===== Input

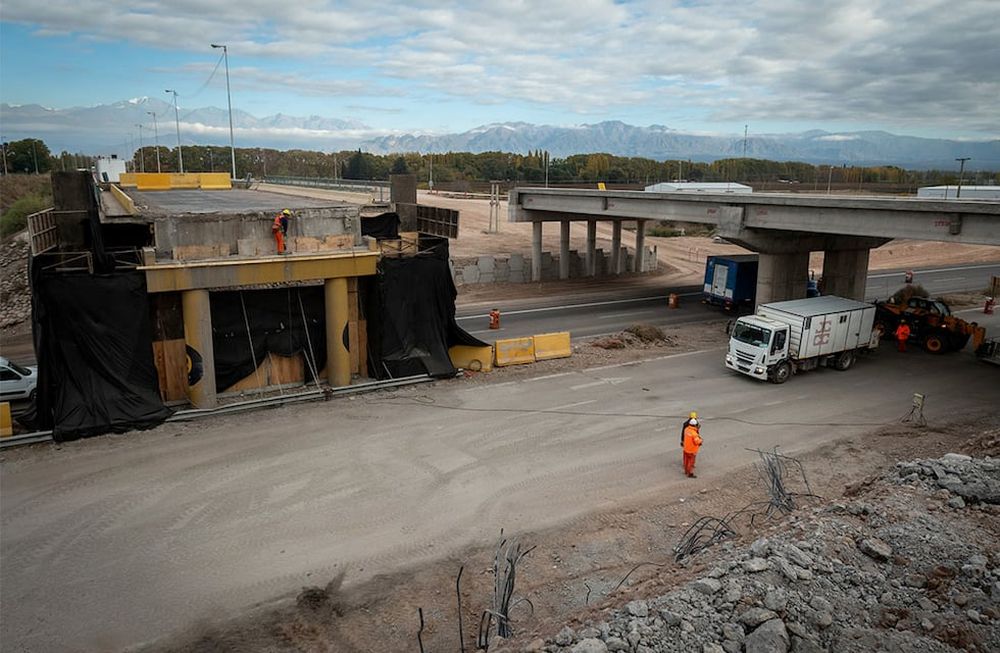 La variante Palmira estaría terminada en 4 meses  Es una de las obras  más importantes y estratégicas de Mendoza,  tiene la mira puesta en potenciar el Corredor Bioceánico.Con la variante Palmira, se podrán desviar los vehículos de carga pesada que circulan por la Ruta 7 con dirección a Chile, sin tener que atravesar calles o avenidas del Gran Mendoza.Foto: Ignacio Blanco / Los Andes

==========
===== Input

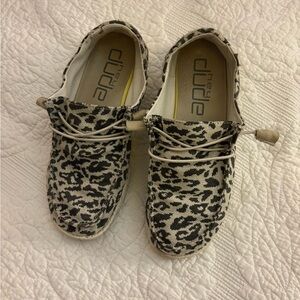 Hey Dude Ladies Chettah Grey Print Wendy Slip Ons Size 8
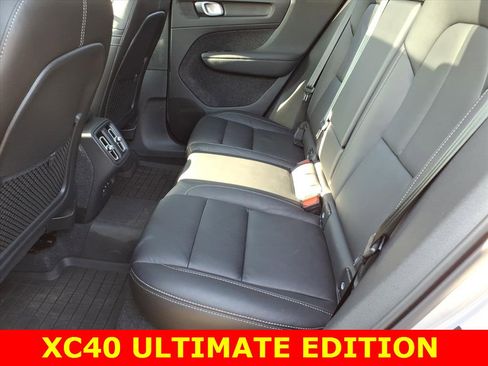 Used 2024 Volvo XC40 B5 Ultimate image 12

==========

→ **What needs to be done**:
What's needed is an exact copy of the lines above from the one with "Hey Dude Ladies" through the one with "Used 2024 Volvo XC40 B5 Ultimate image 12", both included; the pictures stay out.

→ **Answer to this exercise**:
 Hey Dude Ladies Chettah Grey Print Wendy Slip Ons Size 8
 Used 2024 Volvo XC40 B5 Ultimate image 12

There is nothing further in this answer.